SXSW Picks 2 Click 2008

By Margaret Moser, February 29, 2008, Music

Miss Understood. Clever title that, Carolyn Wonderland's rock-and-blues-drenched seventh CD, full of pun but not much truth: Wonderland is anything but misunderstood. With Asleep at the Wheel's Ray Benson as producer and guide, the operative word seems to be "luxury."

"The luxury of time!" Wonderland affirms. "Getting to record something and listening to it a month later when I could change my mind! We also had enough time to get an ideal stable of players. If we'd only had a couple of weeks to do it, there's no way we could have gotten Tosca [String Quartet]. It was cool to have the luxury to do these songs with different musicians, too, to say, 'That ground's already been covered; let's go here in this song.'"

Wonderland's voice is effusive and full of the girlish enthusiasm her name suggests. As a veteran of both Houston's and Austin's scenes, she's hardly an up-and-comer, but armed with the mighty one-two punch of Miss Understood, her star's headed north. Take, for instance, the fact that she can thank Bob Dylan for her producer. The Great God of Songwriters, in town for a show at the Backyard in 2005, had lunch with Benson wherein he asked the local swingman – "out of the blue" – about Wonderland. Benson didn't have any answers but set about getting some.

"It's almost like I need to tell [Dylan] thanks twice, because I might never had gotten to make this record [with Benson] if he hadn't called," marvels Wonderland.

The gritty singer first crashed the party as a teenager in 1980s Houston.
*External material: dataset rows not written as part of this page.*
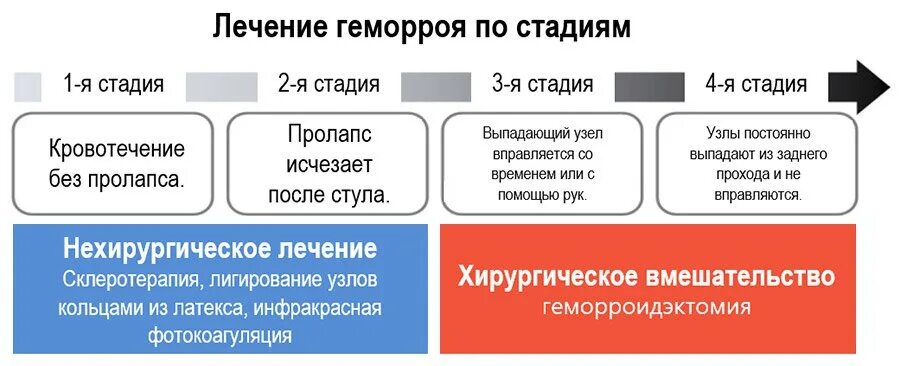 Степени и стадии геморроя.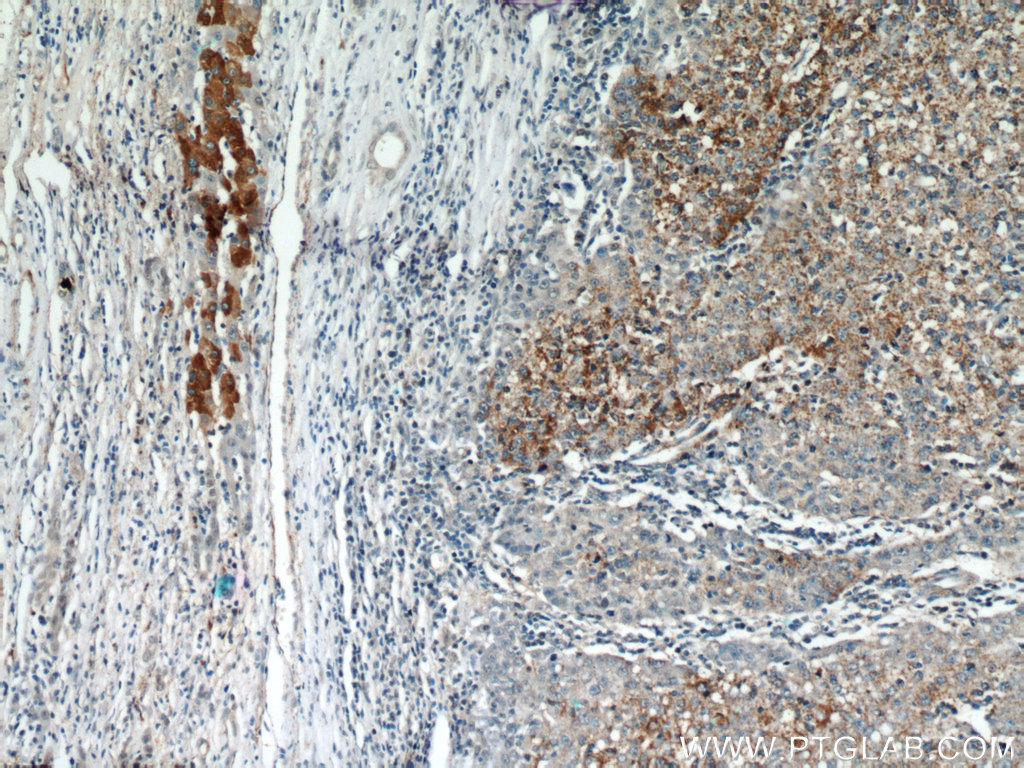 IHC staining of human liver cancer using 21739-1-AP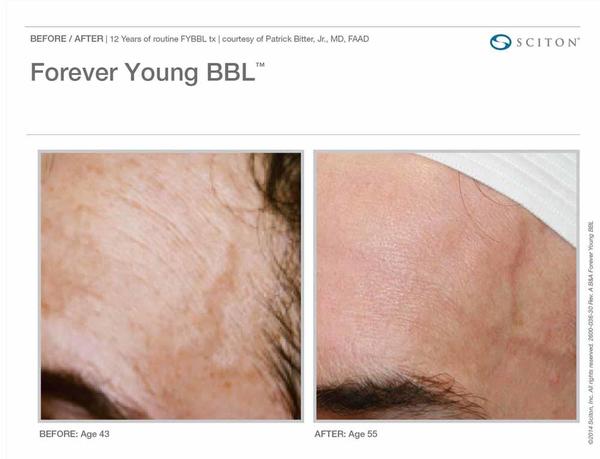 Skin Tightening Before and After Pictures Savannah, GA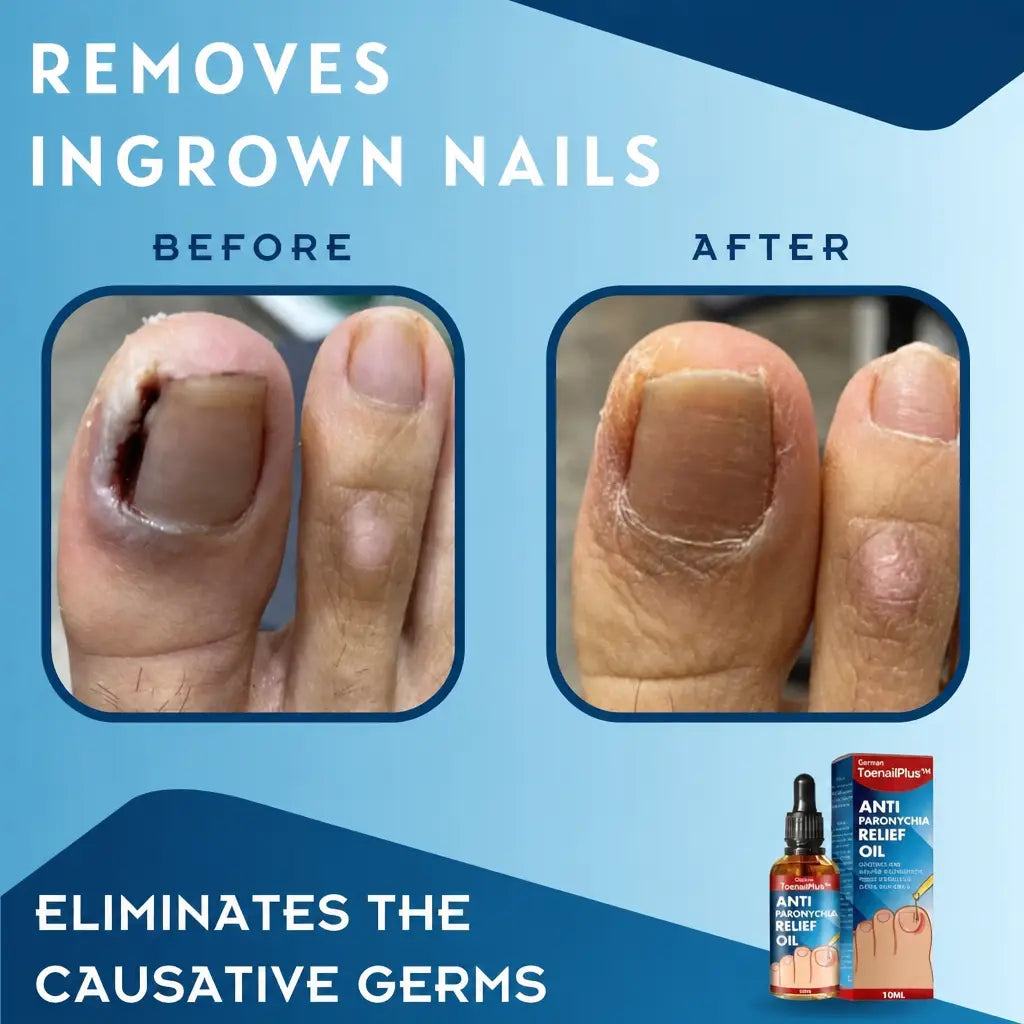 ToePerfect™ Removes Ingrown Nails | Nestilia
She and her exuberant Imperial Monkeys started stealing the top Houston Press Music Awards with blues-rock that spun off into country, surf, jazz, zydeco, and any other direction it chose. After she closed the cage on the Monkeys and relocated to new millennial Austin, she refocused her efforts as a frontperson, underlining luxurious vocals with fine guitar work, trumpet, and piano playing, as well as the remarkable ability to whistle on key.

Along the way, her songwriting also developed a sharper edge that redefined her style. It's an element on display in Miss Understood, not only with co-writers Ray Benson and Eldridge Goins and her own compositions but in the potent choices in cover songs from Bruce Robison ("Bad Girl Blues"), J.J. Cale ("Trouble in the City"), Terri Hendrix ("I Found the Lions," "Throw My Love"), and even Rick Derringer ("Still Alive and Well"). It's Wonderland's grab of that Johnny Winter classic that stamps "Texas" across Miss Understood.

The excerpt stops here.